# Task to complete:
Pictures aside, copy exactly each line from the one that holds "How to Choose Flattering Boot Styles" through the last line of the records below.

# Provided records:
★ ★ ★ ★ ★
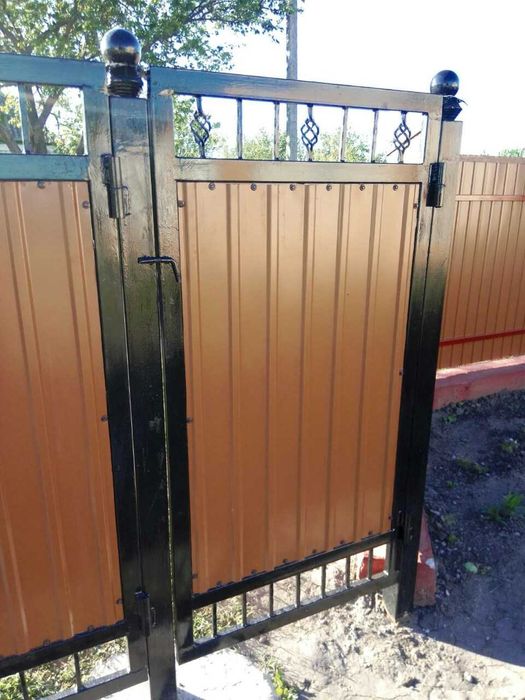 Паркан під Дерево Золотий Дуб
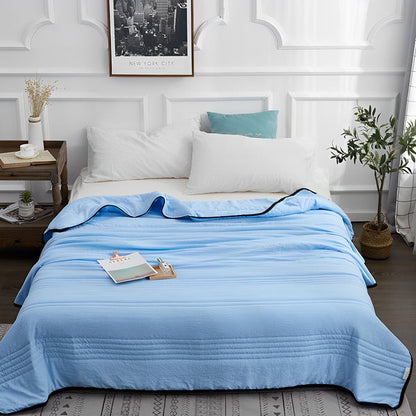 Cooling Blanket with Moisture-Wicking Breathable Fabric for Warm Nights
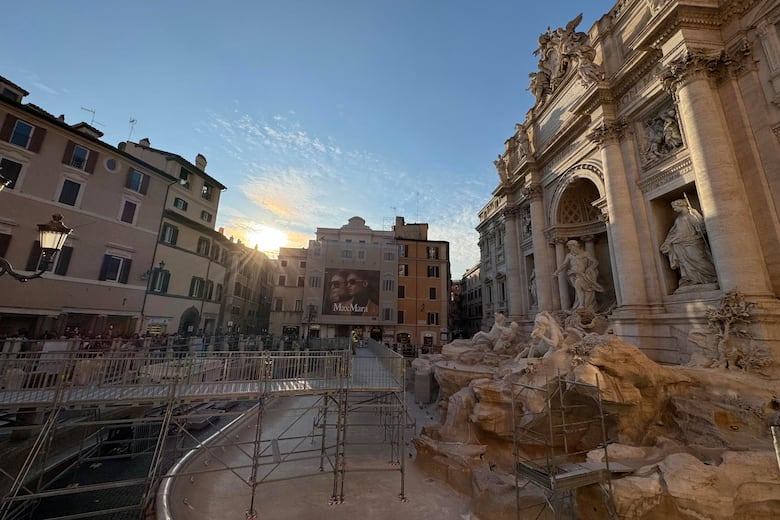 Así es la pasarela por la que se puede ver ahora a la Fontada de Trevi en Roma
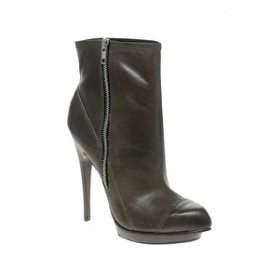 How to Choose Flattering Boot Styles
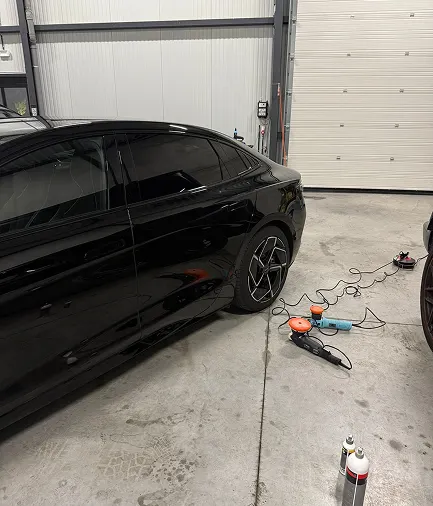 BYD auto polieren met exenterische machine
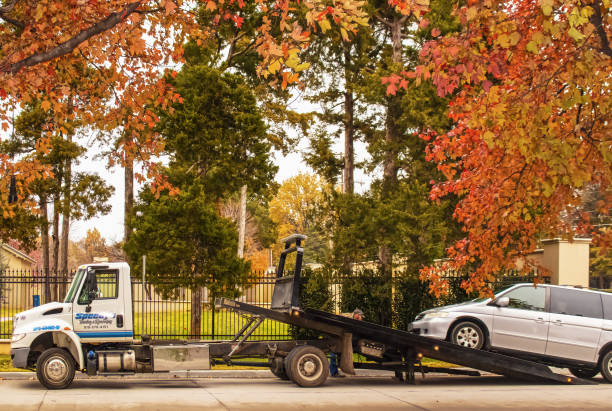 tulsa usa tow lkw mit bediener anpassungen ein van wird auf anhänger auf der straße an einem schönen und bunten herbsttag vor zierzaun rund um gehobenes anwesen geladen - tow truck towing car truck stock-fotos und bilder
★ ★ ★ ★ ★
# Exercise answer:
 How to Choose Flattering Boot Styles
 BYD auto polieren met exenterische machine
 tulsa usa tow lkw mit bediener anpassungen ein van wird auf anhänger auf der straße an einem schönen und bunten herbsttag vor zierzaun rund um gehobenes anwesen geladen - tow truck towing car truck stock-fotos und bilder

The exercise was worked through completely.